## DIRECTIONS FOR THIS TASK
Of the material below, the lines to be retyped are those from the line containing "5.75 Inch Round" through the line containing "Amara | Elegant Polka Dot Midi Dress", inclusive; reproduce them exactly.

## RECORDS TO USE
============================================================
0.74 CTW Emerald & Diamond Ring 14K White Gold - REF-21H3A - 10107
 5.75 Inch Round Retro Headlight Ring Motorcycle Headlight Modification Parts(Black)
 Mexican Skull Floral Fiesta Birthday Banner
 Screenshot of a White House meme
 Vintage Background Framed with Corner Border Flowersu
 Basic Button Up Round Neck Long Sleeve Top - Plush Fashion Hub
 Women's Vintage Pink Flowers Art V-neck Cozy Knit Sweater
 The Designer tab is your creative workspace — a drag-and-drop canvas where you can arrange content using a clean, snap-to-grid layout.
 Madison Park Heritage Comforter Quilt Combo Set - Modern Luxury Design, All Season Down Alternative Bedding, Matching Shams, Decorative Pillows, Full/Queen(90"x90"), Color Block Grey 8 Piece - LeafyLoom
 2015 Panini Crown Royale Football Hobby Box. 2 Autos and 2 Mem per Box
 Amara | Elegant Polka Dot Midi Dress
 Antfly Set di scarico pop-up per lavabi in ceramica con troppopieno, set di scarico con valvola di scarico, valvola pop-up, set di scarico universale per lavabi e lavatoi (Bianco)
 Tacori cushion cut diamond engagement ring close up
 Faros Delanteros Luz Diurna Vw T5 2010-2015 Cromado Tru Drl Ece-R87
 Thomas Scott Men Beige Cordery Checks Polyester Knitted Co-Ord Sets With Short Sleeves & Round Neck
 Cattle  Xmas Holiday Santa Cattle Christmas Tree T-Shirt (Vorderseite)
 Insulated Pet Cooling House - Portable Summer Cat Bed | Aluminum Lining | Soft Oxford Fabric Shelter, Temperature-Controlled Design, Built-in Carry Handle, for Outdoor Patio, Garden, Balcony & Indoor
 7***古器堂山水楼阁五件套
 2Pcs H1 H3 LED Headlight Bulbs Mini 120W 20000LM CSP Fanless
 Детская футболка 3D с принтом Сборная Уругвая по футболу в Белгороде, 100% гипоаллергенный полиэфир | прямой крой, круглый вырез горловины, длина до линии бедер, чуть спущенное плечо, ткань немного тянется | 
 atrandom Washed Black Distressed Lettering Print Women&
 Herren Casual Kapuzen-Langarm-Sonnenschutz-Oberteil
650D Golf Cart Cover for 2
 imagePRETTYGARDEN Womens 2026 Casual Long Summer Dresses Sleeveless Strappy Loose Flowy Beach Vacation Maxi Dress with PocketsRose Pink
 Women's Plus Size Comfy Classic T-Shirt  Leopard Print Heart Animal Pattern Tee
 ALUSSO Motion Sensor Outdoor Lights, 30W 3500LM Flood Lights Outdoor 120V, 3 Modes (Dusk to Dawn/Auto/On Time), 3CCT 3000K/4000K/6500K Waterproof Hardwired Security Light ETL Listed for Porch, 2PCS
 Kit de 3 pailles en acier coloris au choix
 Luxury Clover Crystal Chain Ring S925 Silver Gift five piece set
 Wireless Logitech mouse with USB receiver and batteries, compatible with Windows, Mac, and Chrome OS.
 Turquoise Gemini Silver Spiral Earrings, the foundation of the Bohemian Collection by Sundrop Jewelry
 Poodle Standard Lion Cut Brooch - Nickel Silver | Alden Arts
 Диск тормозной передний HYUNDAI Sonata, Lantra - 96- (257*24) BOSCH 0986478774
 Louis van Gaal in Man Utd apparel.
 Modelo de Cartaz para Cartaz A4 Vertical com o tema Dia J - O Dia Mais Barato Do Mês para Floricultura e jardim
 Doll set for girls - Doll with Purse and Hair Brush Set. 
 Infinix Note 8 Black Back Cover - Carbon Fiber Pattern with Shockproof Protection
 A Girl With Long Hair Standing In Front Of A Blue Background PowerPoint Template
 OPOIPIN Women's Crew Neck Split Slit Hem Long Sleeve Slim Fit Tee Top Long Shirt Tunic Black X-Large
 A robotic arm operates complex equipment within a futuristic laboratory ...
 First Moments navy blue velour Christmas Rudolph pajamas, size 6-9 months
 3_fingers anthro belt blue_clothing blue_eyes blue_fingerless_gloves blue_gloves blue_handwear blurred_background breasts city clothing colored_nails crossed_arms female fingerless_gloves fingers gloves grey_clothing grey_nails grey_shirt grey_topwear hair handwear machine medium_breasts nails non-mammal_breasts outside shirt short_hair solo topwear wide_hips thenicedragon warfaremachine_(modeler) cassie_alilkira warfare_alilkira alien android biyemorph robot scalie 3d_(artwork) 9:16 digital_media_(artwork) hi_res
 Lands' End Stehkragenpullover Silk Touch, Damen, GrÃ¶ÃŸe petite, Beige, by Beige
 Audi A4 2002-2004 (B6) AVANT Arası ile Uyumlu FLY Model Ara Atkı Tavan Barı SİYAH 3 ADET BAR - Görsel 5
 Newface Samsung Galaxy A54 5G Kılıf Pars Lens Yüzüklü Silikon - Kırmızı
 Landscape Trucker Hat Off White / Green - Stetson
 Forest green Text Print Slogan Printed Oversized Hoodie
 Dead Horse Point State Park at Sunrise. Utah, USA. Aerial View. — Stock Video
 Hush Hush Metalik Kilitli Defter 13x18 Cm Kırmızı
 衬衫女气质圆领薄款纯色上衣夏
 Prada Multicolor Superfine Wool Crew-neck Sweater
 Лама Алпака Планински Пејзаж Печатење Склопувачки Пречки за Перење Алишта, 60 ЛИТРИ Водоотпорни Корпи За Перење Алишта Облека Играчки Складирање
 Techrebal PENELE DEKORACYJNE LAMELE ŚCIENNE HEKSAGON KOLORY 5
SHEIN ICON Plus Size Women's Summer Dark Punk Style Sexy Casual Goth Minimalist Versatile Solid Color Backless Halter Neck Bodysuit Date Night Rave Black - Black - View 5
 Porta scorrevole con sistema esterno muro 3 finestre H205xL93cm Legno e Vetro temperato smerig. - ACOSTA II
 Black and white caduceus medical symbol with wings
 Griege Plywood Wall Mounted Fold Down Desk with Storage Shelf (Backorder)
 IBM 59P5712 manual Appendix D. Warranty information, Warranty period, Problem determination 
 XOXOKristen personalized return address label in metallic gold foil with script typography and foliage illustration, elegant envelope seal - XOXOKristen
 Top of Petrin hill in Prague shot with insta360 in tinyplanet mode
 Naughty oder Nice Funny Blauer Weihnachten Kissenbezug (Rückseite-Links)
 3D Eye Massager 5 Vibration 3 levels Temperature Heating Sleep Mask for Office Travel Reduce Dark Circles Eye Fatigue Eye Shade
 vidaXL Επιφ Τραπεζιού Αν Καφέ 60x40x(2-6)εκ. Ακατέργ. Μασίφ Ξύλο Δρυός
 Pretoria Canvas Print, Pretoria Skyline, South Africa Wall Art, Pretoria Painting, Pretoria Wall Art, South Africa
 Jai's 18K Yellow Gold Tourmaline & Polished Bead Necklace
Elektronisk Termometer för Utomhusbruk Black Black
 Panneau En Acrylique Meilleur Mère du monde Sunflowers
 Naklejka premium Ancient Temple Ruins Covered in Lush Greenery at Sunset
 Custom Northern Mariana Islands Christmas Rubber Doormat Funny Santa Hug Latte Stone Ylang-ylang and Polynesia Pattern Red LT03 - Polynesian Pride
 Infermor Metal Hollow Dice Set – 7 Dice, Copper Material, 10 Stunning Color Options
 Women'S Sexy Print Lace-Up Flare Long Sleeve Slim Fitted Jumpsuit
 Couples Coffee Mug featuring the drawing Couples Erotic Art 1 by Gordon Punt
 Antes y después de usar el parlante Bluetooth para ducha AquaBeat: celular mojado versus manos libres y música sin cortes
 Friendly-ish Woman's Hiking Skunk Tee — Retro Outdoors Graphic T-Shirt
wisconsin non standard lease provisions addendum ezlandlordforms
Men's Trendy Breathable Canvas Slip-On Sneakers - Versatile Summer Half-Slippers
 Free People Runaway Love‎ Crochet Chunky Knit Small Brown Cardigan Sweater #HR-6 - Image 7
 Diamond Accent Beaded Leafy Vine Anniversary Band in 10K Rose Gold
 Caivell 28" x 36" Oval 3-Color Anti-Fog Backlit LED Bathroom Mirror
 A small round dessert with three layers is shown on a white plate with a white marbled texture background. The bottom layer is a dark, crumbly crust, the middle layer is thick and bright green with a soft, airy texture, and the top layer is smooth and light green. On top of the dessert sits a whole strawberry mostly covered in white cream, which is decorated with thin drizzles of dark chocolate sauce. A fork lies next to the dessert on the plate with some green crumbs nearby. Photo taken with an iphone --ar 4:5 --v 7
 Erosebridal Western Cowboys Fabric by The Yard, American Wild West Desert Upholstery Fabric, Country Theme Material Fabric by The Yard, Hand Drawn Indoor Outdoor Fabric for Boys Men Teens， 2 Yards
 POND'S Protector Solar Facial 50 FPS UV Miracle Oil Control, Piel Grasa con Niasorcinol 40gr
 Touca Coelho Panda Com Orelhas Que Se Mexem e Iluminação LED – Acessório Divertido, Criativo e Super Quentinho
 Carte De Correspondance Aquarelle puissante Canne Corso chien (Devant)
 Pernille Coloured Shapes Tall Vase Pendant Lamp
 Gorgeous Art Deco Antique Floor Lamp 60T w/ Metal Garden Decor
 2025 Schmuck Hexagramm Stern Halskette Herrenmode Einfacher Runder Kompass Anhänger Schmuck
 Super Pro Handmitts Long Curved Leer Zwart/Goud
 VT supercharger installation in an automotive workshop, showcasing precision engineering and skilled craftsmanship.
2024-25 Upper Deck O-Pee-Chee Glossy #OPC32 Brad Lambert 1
============================================================
## EXERCISE OUTPUT
 5.75 Inch Round Retro Headlight Ring Motorcycle Headlight Modification Parts(Black)
 Mexican Skull Floral Fiesta Birthday Banner
 Screenshot of a White House meme
 Vintage Background Framed with Corner Border Flowersu
 Basic Button Up Round Neck Long Sleeve Top - Plush Fashion Hub
 Women's Vintage Pink Flowers Art V-neck Cozy Knit Sweater
 The Designer tab is your creative workspace — a drag-and-drop canvas where you can arrange content using a clean, snap-to-grid layout.
 Madison Park Heritage Comforter Quilt Combo Set - Modern Luxury Design, All Season Down Alternative Bedding, Matching Shams, Decorative Pillows, Full/Queen(90"x90"), Color Block Grey 8 Piece - LeafyLoom
 2015 Panini Crown Royale Football Hobby Box. 2 Autos and 2 Mem per Box
 Amara | Elegant Polka Dot Midi Dress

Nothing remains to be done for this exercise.